Recommendations
Here we provide recommendations for producing pyramids for performant Zarr visualization on the web. These recommendations are based on the end-to-end benchmarking results for the dynamic client approach. These benchmark consider the use-case of rendering data on a map. However, we also discuss how time series visualization could factor into these decisions. We eventually aim to make pyramid generation optional for the dynamic client approach, such that the raw data could be rendered on a web map with limited zooming and panning functionality. Many of these recommendations should still apply when rendering raw data on a web map, however, it would be much more important to also consider the performance implications for scientific computational workflows in that case.
Zarr Version
The end-to-end benchmarking results showed that V2 and V3 data are comparable in performance. Therefore, we recommend adopting the Zarr V3 specification if your preferred Zarr implementation includes the approved version of the Zarr V3 spec. At the time of writing, the Zarrita Python library has implemented the approved Zarr V3 spec but is not recommended for production use. The Zarr Python library is undergoing a refactor to bring the library up-to-date with the V3 spec.

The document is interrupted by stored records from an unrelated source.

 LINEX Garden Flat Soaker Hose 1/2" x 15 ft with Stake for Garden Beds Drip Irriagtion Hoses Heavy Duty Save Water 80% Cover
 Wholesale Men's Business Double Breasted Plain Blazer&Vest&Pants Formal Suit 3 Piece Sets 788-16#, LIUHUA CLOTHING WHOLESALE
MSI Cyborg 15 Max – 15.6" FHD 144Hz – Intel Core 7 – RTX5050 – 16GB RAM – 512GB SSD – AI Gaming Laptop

Number of pixels per tile (spatial chunking)
The number of pixels per tile (i.e., spatial chunking) must be a multiple of 16 and is generally 128, 256, or 512. The end-to-end benchmarks tested 128 and 256 pixels per tile and showed that the number of pixels per tile does not impact rendering performance at a given chunk size. However, including more pixels per tile would reduce the proportion of other dimensions (e.g., time) that can be included in a chunk of a given size. Therefore, it would be worth considering fewer pixels per tile (e.g., 128) if visualizing time series is an important use case. By contrast, if only spatial rendering is important and more detail at coarser zoom levels is desired, you may consider increasing the number of pixels per tile to 256. If corresponding to “de facto” standards is particularly important, 256 is commonly used as the spatial width for tiles. In the current implementation of the dynamic client approach, increasing the number of pixels per tile does not increase total storage costs, as the number of zoom levels before reaching full resolution would be correspondingly smaller. However, larger chunk sizes could reduce storage costs when the requirement to align chunks with conventional zoom level boundaries is relaxed in future releases of the maps library.

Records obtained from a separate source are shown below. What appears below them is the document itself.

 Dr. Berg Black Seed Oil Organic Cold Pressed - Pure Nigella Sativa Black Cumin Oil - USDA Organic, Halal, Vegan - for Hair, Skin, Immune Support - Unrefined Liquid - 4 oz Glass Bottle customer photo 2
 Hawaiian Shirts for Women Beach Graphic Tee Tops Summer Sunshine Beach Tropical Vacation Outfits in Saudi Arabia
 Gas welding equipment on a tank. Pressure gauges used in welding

Chunk size (non-spatial chunking)
The chunk size was the strongest driver for the total time required to render datasets. For optimal rendering performance, we recommended targeting chunk sizes <1MB for the uncompressed data.
Zarr V3 sharding extension
The end-to-end benchmarks showed that the time to render was slower for sharded V3 datasets relative to V2 datasets for zoom levels greater than 0. However, a primary benefit of the sharding extension is that it allows the same dataset to be accessed via large shards for analysis and smaller chunks for visualization. Further, a single file can store many chunks which benefits applications that rely on file-based operations. Given these benefits, we recommend leveraging the sharding specification after its review and acceptance as a Zarr Enhancement Proposal (ZEP) and your preferred Zarr implementation includes the approved sharding extension. The voting process for this ZEP expected to end on October 31, 2023. We found the the shard size does not impact the time to render and therefore recommend a follow-up study on optimal shard structures for computational workflows.
We expect that the performance difference between sharded and non-sharded datasets could be minimized by future optimizations in the loading library, such as through the concatenation of range requests for adjacent chunks at higher zoom levels.